Westpac: Australian dollar still to fall in 2019

See the latest Australian dollar analysis here:

Macro Morning

Via Westpac today:

The Australian dollar has held within a narrow range of USD0.704 to USD0.716 over the month.

Key commodity prices, particularly iron ore, have been stable over the month with spot at around US$90/t. General expectations have been for this price to adjust downwards. For example the government’s forecast for the iron ore price (fob) by March 2020 is US$55/t (Westpac expects US$74/t spot). Supporting the iron ore price has been ongoing reports from Vale of likely decommissioning of supply following the collapse of the tailings dam in Brumadinho – general expectation is that Vale will decommission around 40t of production lowering overall annual production from 400Mt to 360Mt. However markets are expecting even larger production cuts to eventuate. Another major producer, Rio Tinto, has also recently been impacted by a supply shock.

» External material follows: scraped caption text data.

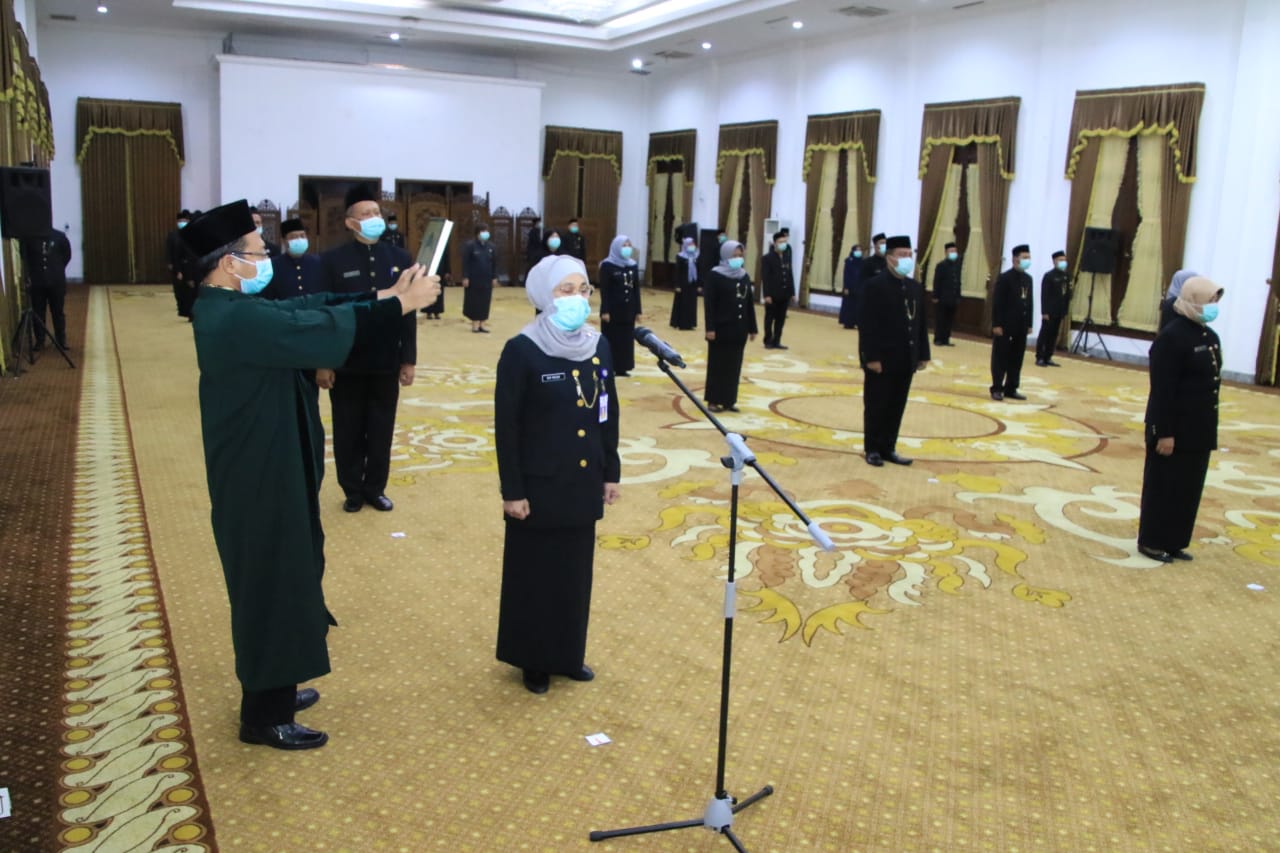 Prosesi pelantikan di Gedung Negara Grahadi, Surabaya, Minggu 12 April 2020. (Foto: Fariz Yarbo/Ngopibareng.id)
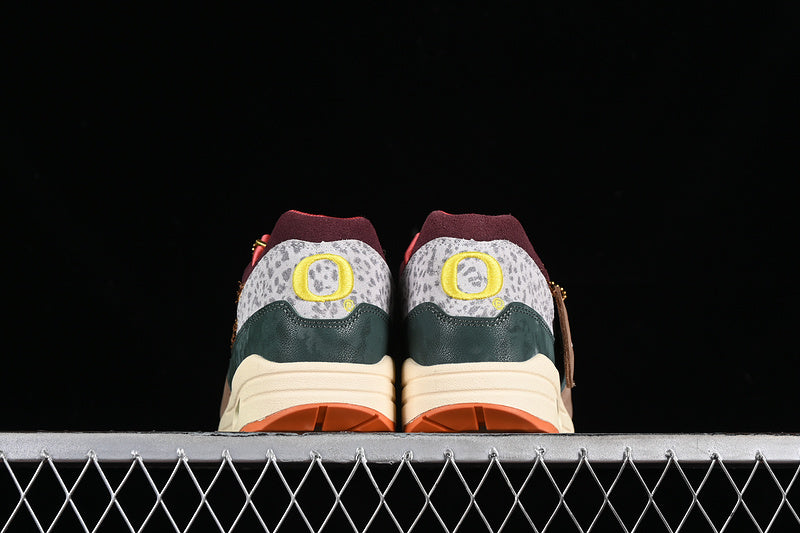 Division Street x NikeUnisex Air Max 1 AM1 Luxe - University of Oregon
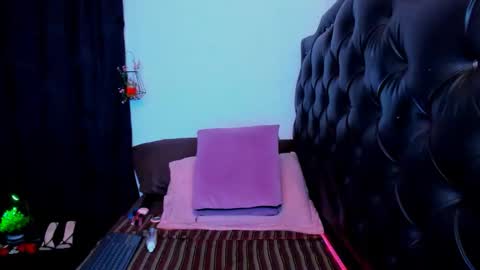 Rosse  online show from 10-17-25, 10:34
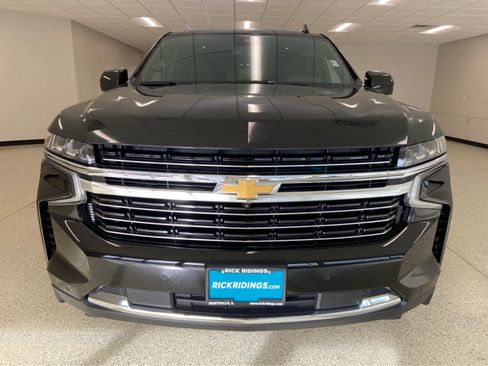 Used 2023 Chevrolet Tahoe LT image 3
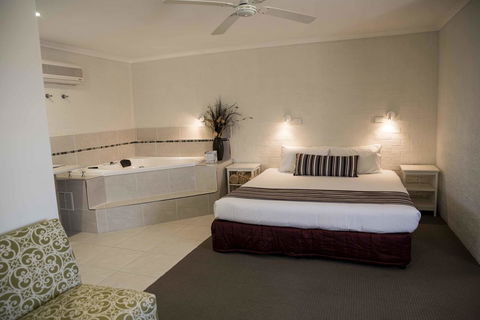 Coastal Bay Motel - Accommodation Cooktown 26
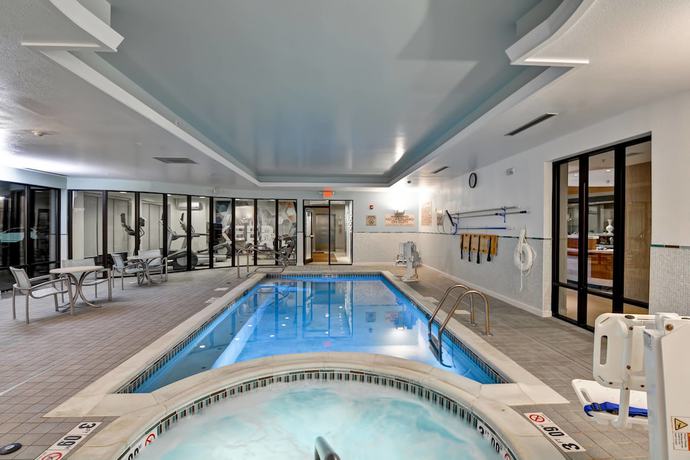 Imagen de la piscina del Hotel Springhill Suites By Marriott Cincinnati Airport South. Foto 19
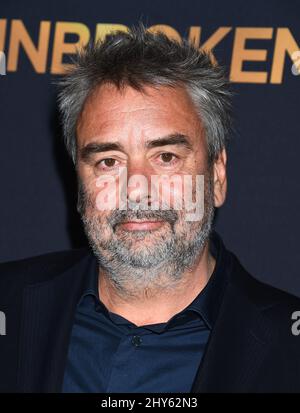 Luc Besson bei der „ungebrochenen“ Premiere in Los Angeles Stockfoto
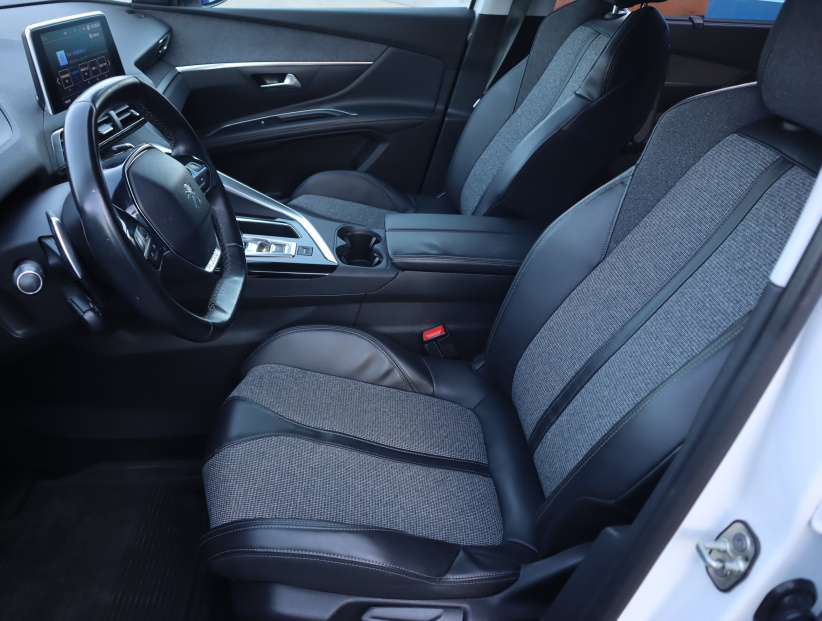 Peugeot 5008, 2018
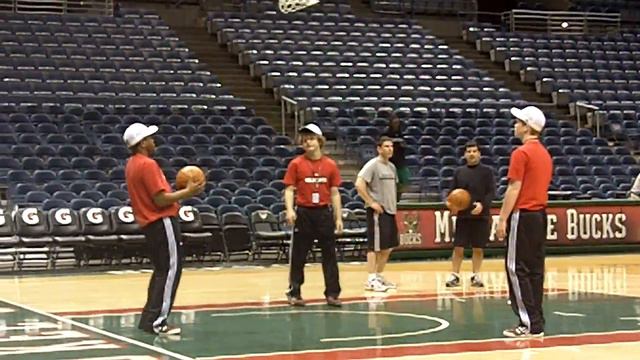 ESPN Boston: Nate & Marquis run stairs смотреть онлайн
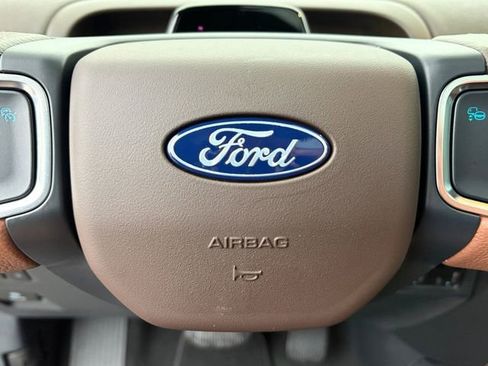 Used 2025 Ford Expedition Max King Ranch image 7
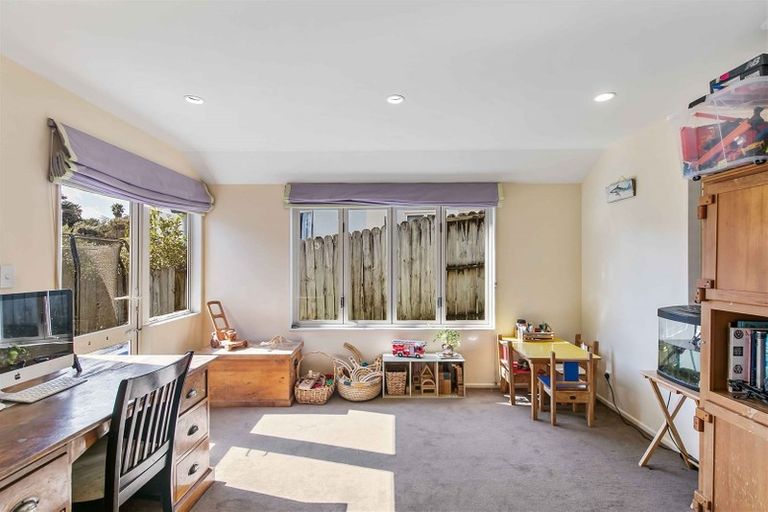 Photo of property in 18 Tyrico Close, Unsworth Heights, Auckland, 0632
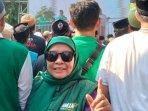 Wakil-Sekretaris-DPW-PKB-Jatim-Umi-Zuhrok-Jalan-Sehat-Sarungan-bersama-Anies-Baswedan-Muhaimin.jpg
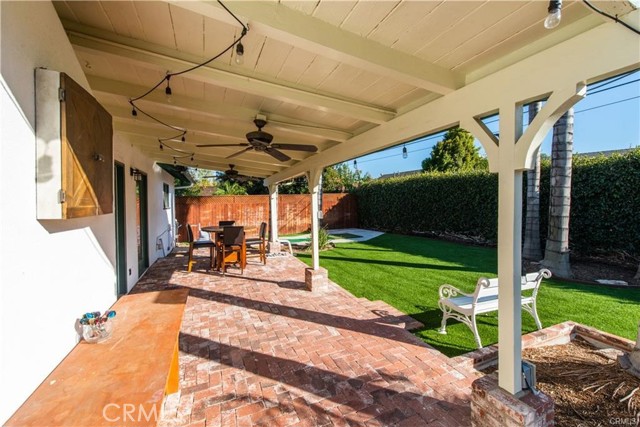 Detail Gallery Image 15 of 31 For 23652 Collins St, Woodland Hills,  CA 91367 - 4 Beds | 2 Baths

On the demand side confidence is rising in response to China’s commitment to stabilising growth through lifting credit; easing restrictions on the shadow banking sector; supporting bond issues by local governments to finance new infrastructure investment; tax cuts; and some support to housing in selective regions.

This stability at high levels for key commodity prices is providing solid support to the Australian dollar – indeed the fair value of the AUD as measured by commodity prices, is currently holding well in excess of current spot.

On the other hand interest rate differentials continue to weigh on the AUD. When on February 21, Westpac moved to forecast the RBA would cut the cash rate by 25bps in August and November this year, markets were not anticipating a cut until April next year. That pricing has now moved forward to August with 75% of a second cut priced by mid next year.

Despite the firming of the probabilities of a rate cut the AUD has remained quite stable. That probably reflects the commodity environment and the limits to the forward expectations of currency markets.

The outlook for US interest rates is also important. In March markets had been pricing in a 70% probability of a rate cut from the FOMC by year’s end. That pricing has now moved back to a more reasonable 45% although pricing is around 80% for two cuts by September 2020.

Westpac has revised its outlook for the federal funds rate. We no longer expect a late cycle rate hike at the December meeting of the FOMC. My visit to the US in February gave me little confidence that the FOMC was likely to see the need to raise rates again in this cycle. Tailwinds in 2018, including those from global growth, fiscal policy, and financial conditions, have turned into headwinds in 2019.

Confidence around the ‘stickiness’ of the core PCE inflation measure was also clear. Indeed there was a general view that the FOMC needed to be seen to be symmetric around the 2% target for core PCE inflation. A period in which it ran above 2% would be welcomed in confirming that symmetric policy stance. My concern has always been with the likely persistent lift in growth in hourly earnings (up from a 2.5% to a 3.2% annual growth rate over the last year) as the labour market remains buoyant. However there was a view that statistical research had failed to find a link between wages growth and core PCE inflation.

The concept of neutral rates had also been ‘adapted’. There was no longer a sense of ‘long term/short term’. Neutral policy depended on potential growth (around 2%) and core PCE inflation around 2%. Westpac’s, and the FOMC’s forecast for GDP growth in 2019 is around 2%, providing further comfort that rates could stay at current levels since they are now at neutral.

Equally we do not subscribe to the view that rates will be cut by the FOMC over the 2019 and 2020 time horizon. With lower mortgage rates; solid income growth; some expected upward pressure on inflation; and fiscal policy likely to be supportive, especially in the election year of 2020, a steady rate profile seems most likely.

With markets expecting rate cuts in the US and under-pricing rate cuts in Australia some further downward pressure on the AUD can be expected from the current USD0.715. But with an improving commodity price outlook we have not moved our target of USD0.68 for AUD over the course of 2019 despite the flatter profile for the federal funds rate.